Top of DATA FOR THIS TASK

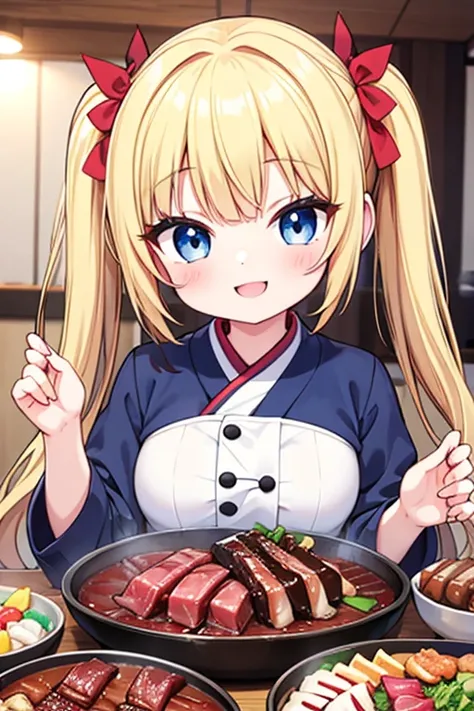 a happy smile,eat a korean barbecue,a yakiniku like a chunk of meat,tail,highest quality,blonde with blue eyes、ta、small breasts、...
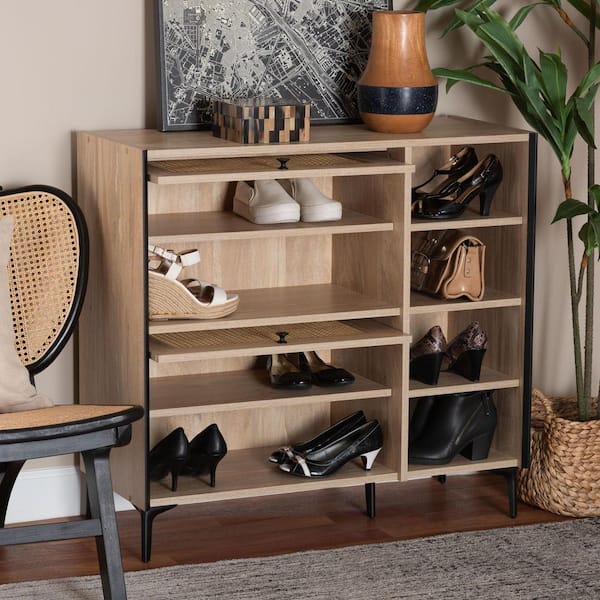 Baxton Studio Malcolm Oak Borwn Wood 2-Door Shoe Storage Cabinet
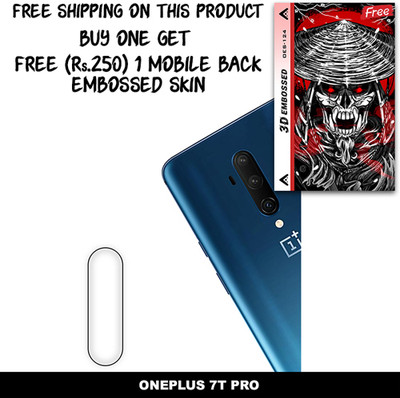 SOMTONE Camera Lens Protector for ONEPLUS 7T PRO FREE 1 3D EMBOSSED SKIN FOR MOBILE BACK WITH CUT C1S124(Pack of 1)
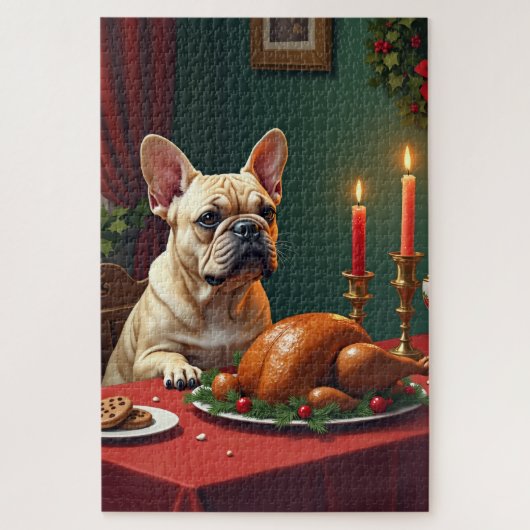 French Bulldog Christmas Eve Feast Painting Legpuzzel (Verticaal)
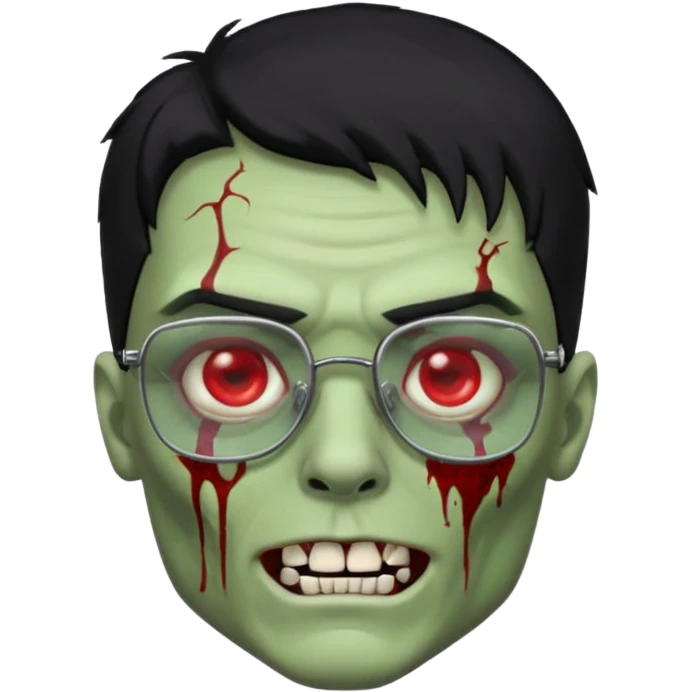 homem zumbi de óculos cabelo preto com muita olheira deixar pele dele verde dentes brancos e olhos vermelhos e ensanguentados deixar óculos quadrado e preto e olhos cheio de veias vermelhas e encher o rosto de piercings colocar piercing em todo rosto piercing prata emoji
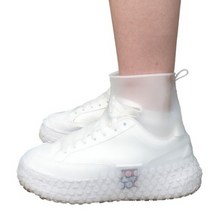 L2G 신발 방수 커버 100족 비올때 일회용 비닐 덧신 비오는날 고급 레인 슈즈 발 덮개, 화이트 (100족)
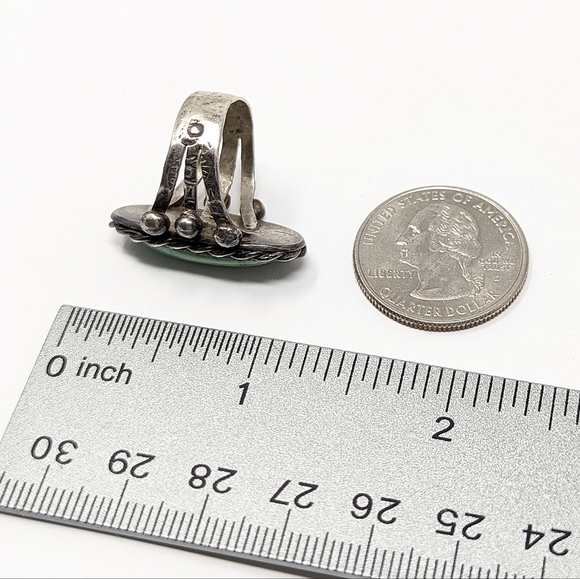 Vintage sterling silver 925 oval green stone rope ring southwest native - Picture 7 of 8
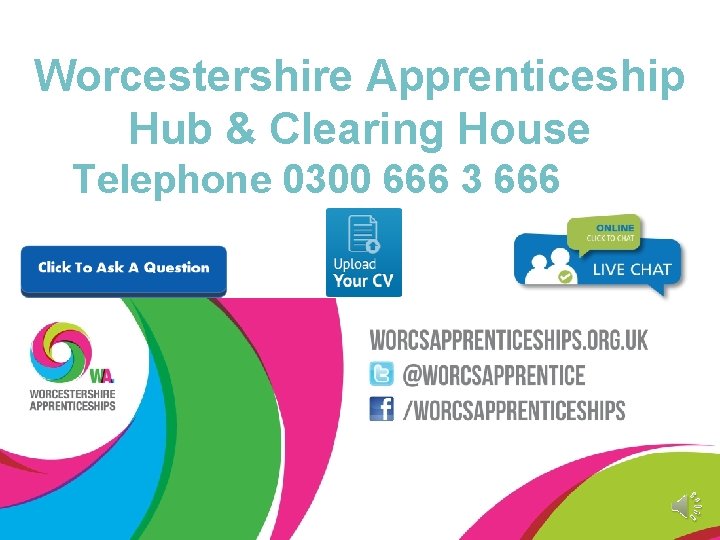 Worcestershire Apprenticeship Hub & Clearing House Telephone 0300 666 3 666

Bottom of DATA FOR THIS TASK

__EXERCISE AIM__. Copy out the data verbatim, excluding the pictures.

__ANSWER TO THIS EXERCISE__.
 a happy smile,eat a korean barbecue,a yakiniku like a chunk of meat,tail,highest quality,blonde with blue eyes、ta、small breasts、...
 Baxton Studio Malcolm Oak Borwn Wood 2-Door Shoe Storage Cabinet
 SOMTONE Camera Lens Protector for ONEPLUS 7T PRO FREE 1 3D EMBOSSED SKIN FOR MOBILE BACK WITH CUT C1S124(Pack of 1)
 French Bulldog Christmas Eve Feast Painting Legpuzzel (Verticaal)
 homem zumbi de óculos cabelo preto com muita olheira deixar pele dele verde dentes brancos e olhos vermelhos e ensanguentados deixar óculos quadrado e preto e olhos cheio de veias vermelhas e encher o rosto de piercings colocar piercing em todo rosto piercing prata emoji
 L2G 신발 방수 커버 100족 비올때 일회용 비닐 덧신 비오는날 고급 레인 슈즈 발 덮개, 화이트 (100족)
 Vintage sterling silver 925 oval green stone rope ring southwest native - Picture 7 of 8
 Worcestershire Apprenticeship Hub & Clearing House Telephone 0300 666 3 666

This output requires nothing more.